Please let your Representatives and Senators Know:
Rhode Islanders Homebuyers Are Looking for Help
- Over half of Rhode Islanders and two-thirds of women and non-homeowners see housing affordability as a big problem in Rhode Island.
- Eight in ten Rhode Island non-homeowners consider down payment assistance as the most popular affordable housing proposal.
- One of the main drivers preventing first-time homebuyers from entering the real estate market and taking advantage of historically low interest rates is substantial student loan debt.
Don’t Make Rhode Island Last
- States that have adopted first-time homebuyer savings accounts legislation: Colorado, Iowa, Minnesota, Mississippi, Montana, Oregon, Virginia.

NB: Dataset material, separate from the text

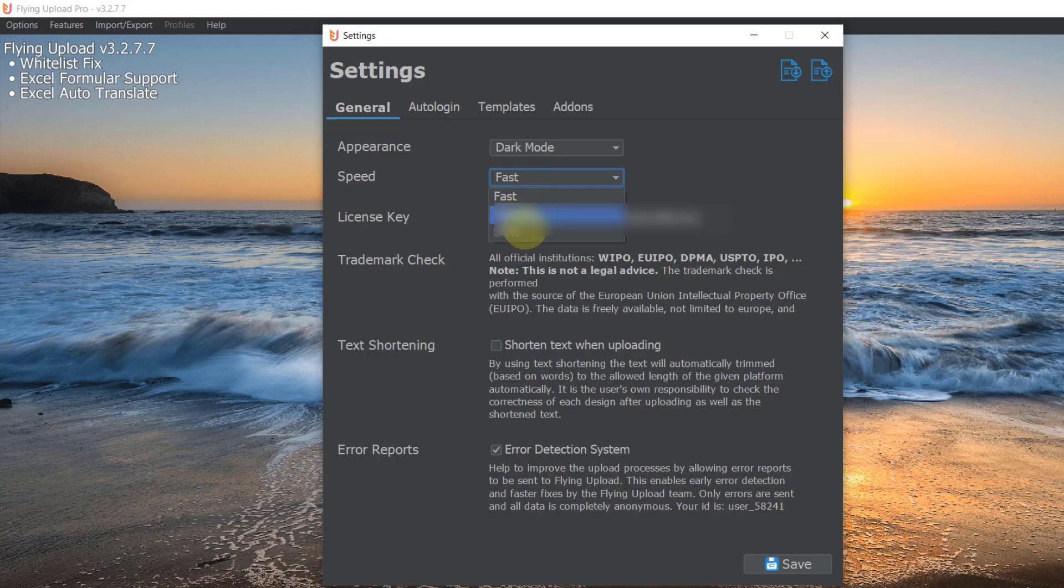Generally it just increases the speed at which the tool enters your information on the website. As you might know, if you know how Flying Upload works, you add your title, description, tags into the Flying Upload tool that is then related to the design. It basically creates a little extra file for that design and then you can upload it.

- States that are considering first-time homebuyer savings accounts legislation: Alabama, Louisiana, Massachusetts, Michigan, Missouri, Nebraska, New Jersey, New York, Pennsylvania.
Young Purchasers have Barriers that Many Past Generations Did Not
- First time homebuyers are declining.
- Barriers include rising home prices, which increase down payment requirements, more rigorous underwriting standards to secure a loan, and potentially increased taxes at settlement, i.e., conveyance taxes passed on to the consumer.
Homeownership has a Big Impact on Impact on the Rhode Island Economy
- Transitioning from tenant to homeowner generates increased consumer spending for goods and services.
- According to the National Association of REALTORS®, Rhode Island’s real estate industry accounted for nearly $12 billion or 18.2% of the gross state product in 2019.
- The total economic impact of a home transaction in Rhode Island is $89,795.